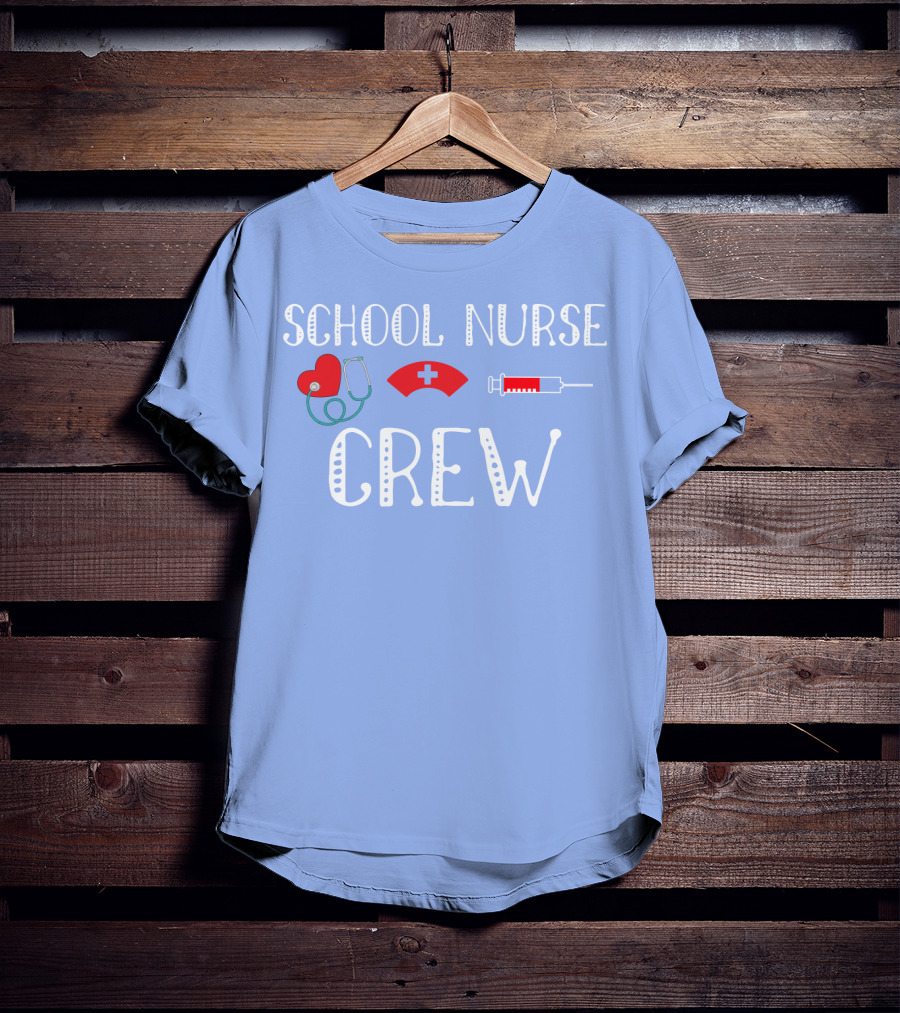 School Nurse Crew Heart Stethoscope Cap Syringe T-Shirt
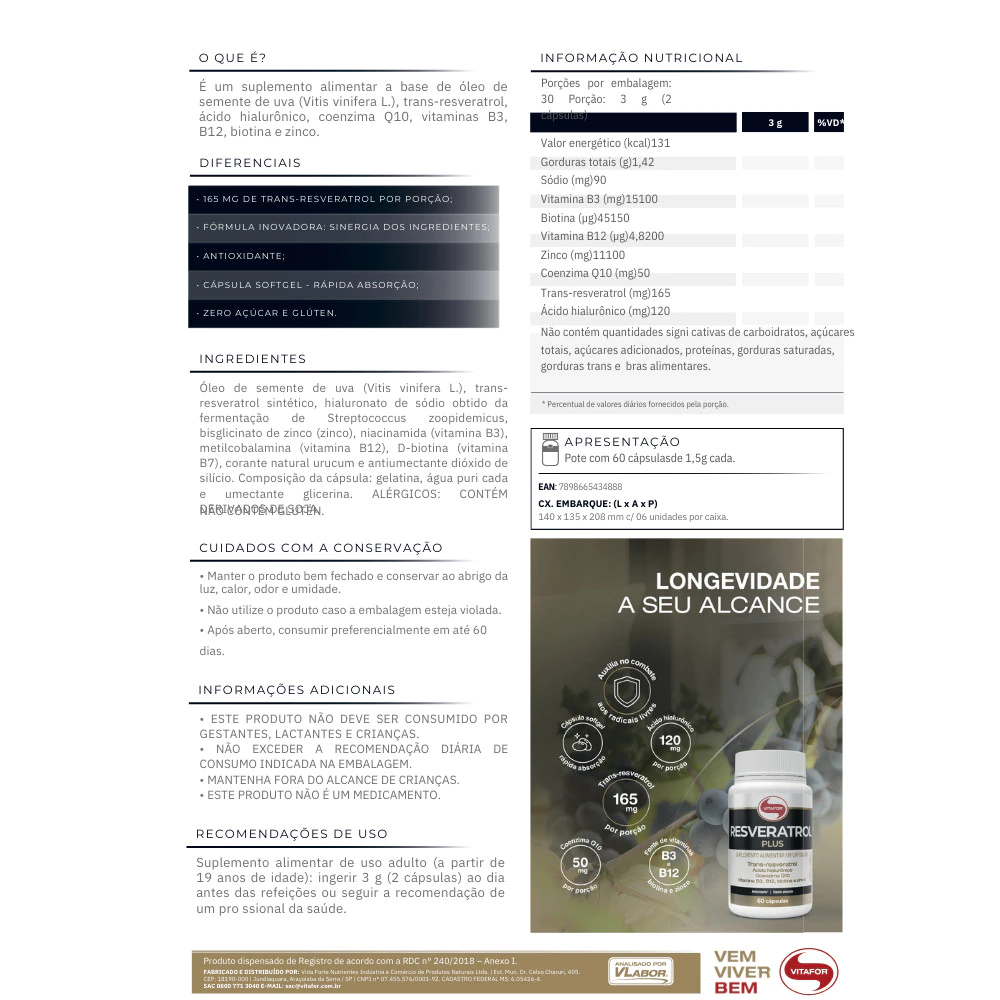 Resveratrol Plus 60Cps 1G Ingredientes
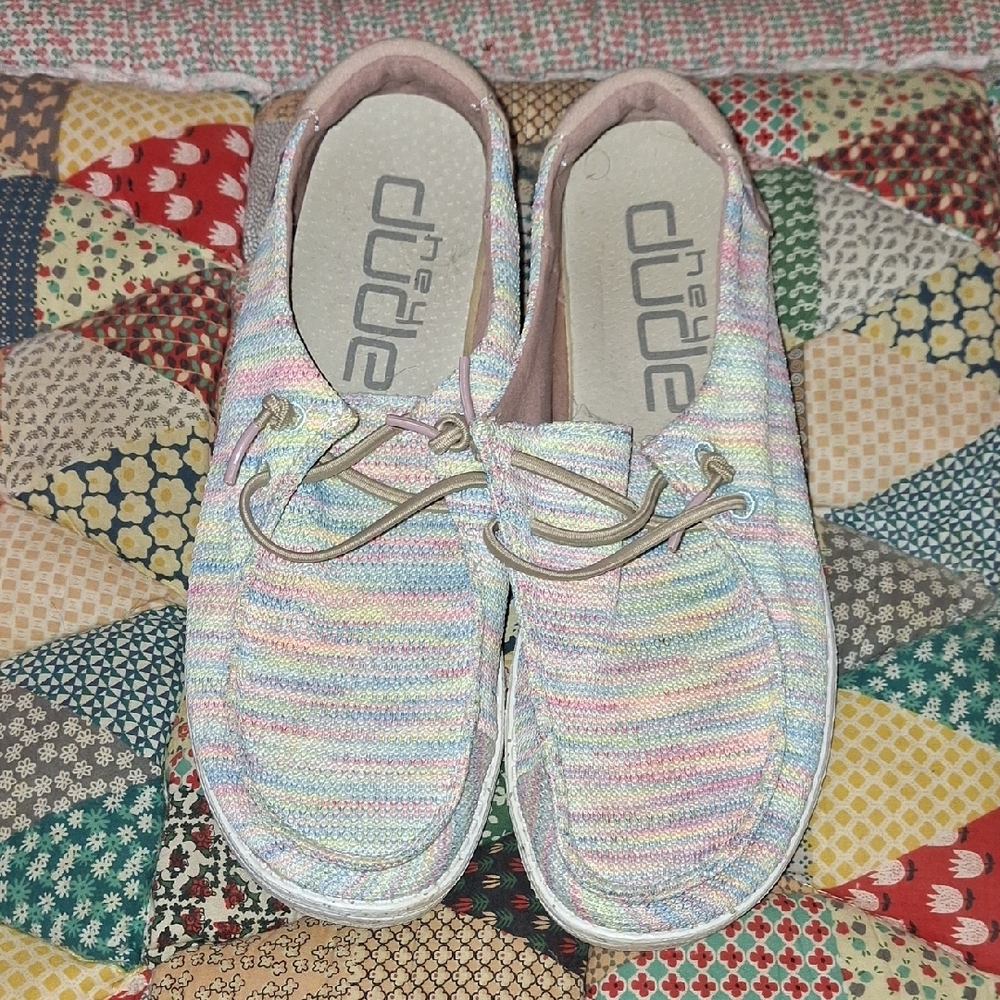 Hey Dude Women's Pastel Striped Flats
+ + + + +
◆ Task goal ◆
Would you reproduce the listing above in full and exactly, without its pictures?

◆ Written answer ◆
 School Nurse Crew Heart Stethoscope Cap Syringe T-Shirt
 Resveratrol Plus 60Cps 1G Ingredientes
 Hey Dude Women's Pastel Striped Flats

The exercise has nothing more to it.